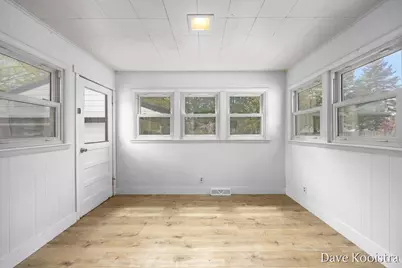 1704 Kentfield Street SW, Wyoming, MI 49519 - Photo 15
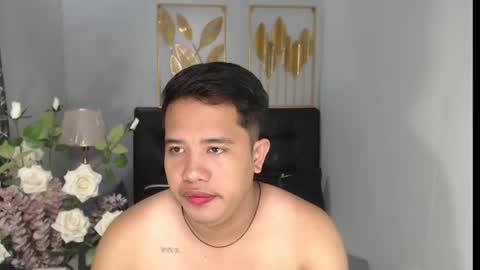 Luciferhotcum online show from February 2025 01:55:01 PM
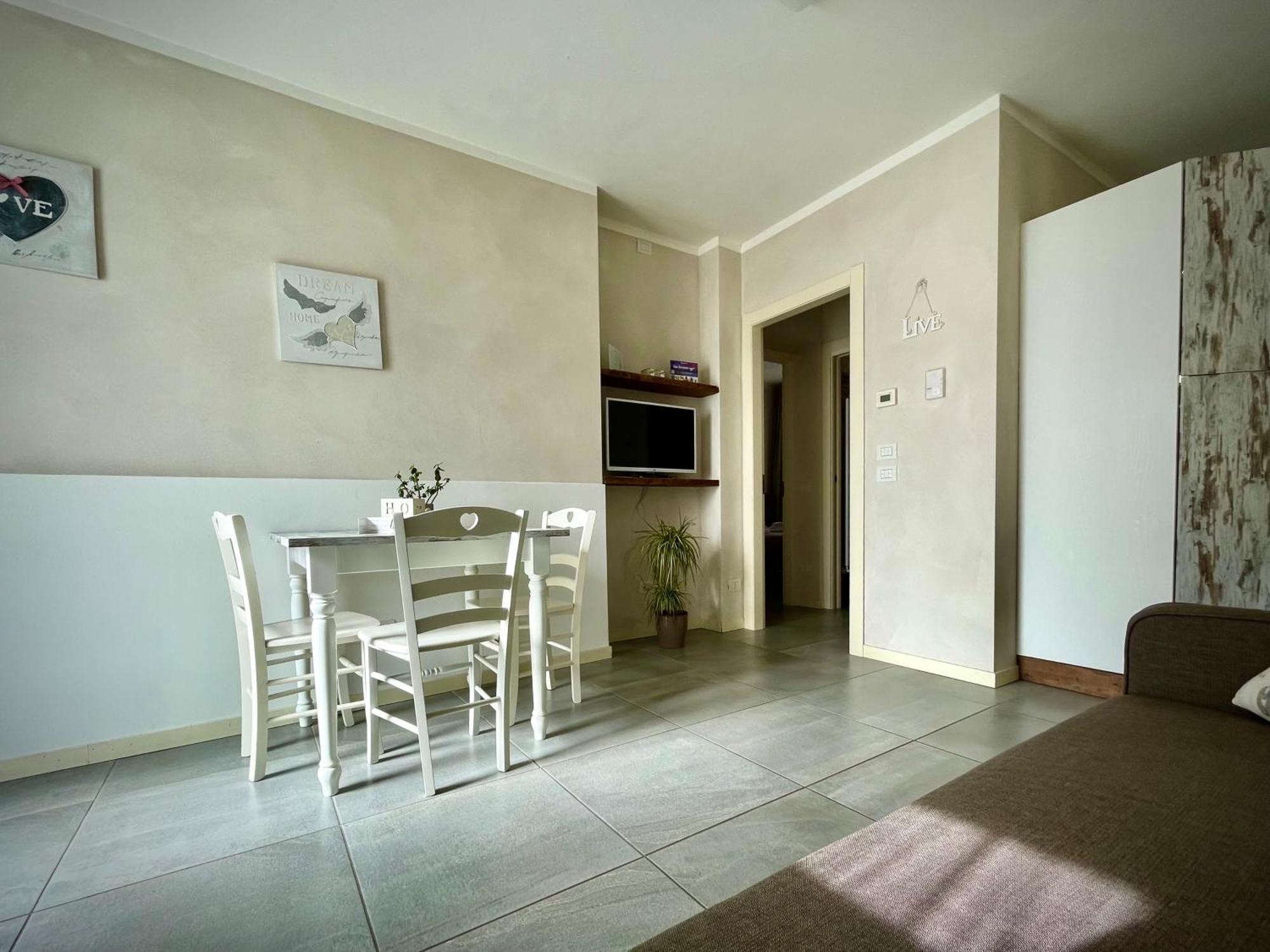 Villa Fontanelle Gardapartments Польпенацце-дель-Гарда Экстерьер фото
---
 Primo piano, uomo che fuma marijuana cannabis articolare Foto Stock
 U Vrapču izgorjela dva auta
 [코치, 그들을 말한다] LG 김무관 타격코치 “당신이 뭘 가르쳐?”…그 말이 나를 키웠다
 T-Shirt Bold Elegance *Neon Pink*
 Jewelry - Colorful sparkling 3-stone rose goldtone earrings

[PROBLEM] Take the entries above and copy exactly the lines starting at the one with "1704 Kentfield Street" and ending at the one with "Villa Fontanelle Gardapartments"; nothing outside that span, and no pictures.

[SOLUTION TO THIS EXERCISE]
 1704 Kentfield Street SW, Wyoming, MI 49519 - Photo 15
 Luciferhotcum online show from February 2025 01:55:01 PM
 Villa Fontanelle Gardapartments Польпенацце-дель-Гарда Экстерьер фото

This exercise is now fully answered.